- [Problem description]: Pictures are not part of the copy; reproduce the remaining data exactly.

- [Source data]:
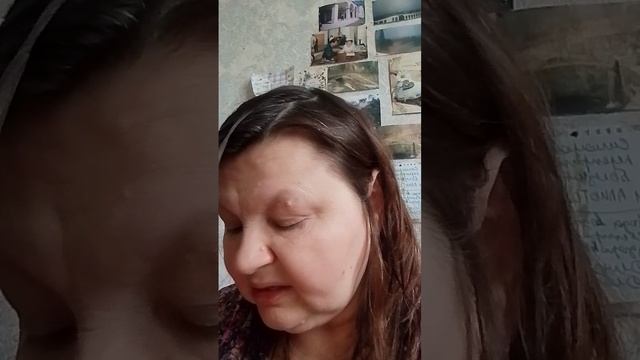 видио стих симанова смотреть онлайн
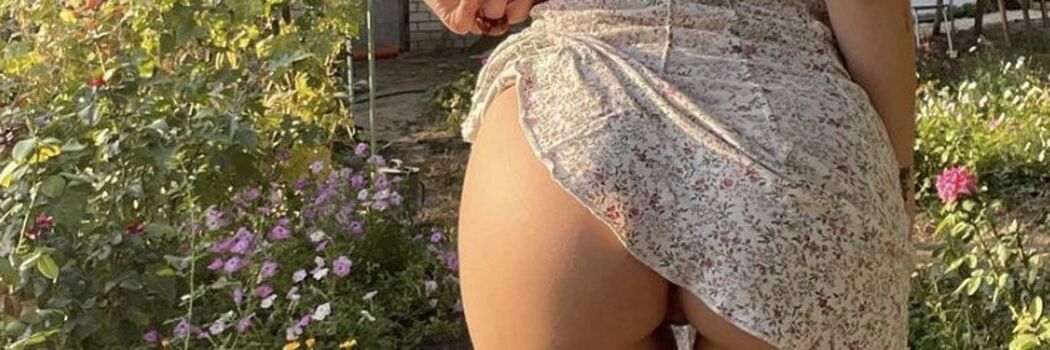 🔥 Dasha page leaked private photo uncensored full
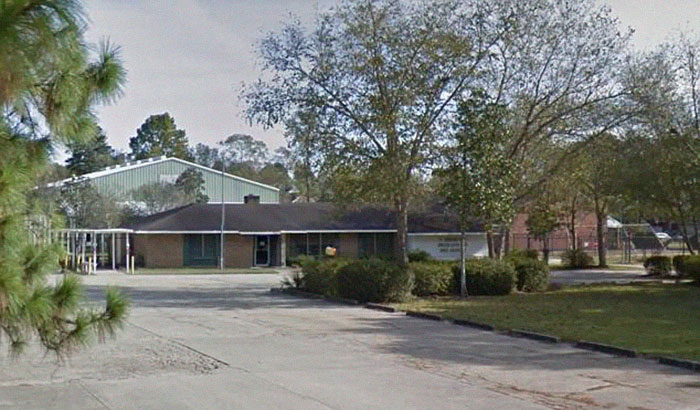 Autistic Boy Goes To School With A Hidden Recorder In Backpack, Two Teachers Get Fired Autistic Boy Goes To School With A Hidden Recorder In Backpack, Two Teachers Get Fired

- [Answer box]:
 видио стих симанова смотреть онлайн
 🔥 Dasha page leaked private photo uncensored full
 Autistic Boy Goes To School With A Hidden Recorder In Backpack, Two Teachers Get Fired Autistic Boy Goes To School With A Hidden Recorder In Backpack, Two Teachers Get Fired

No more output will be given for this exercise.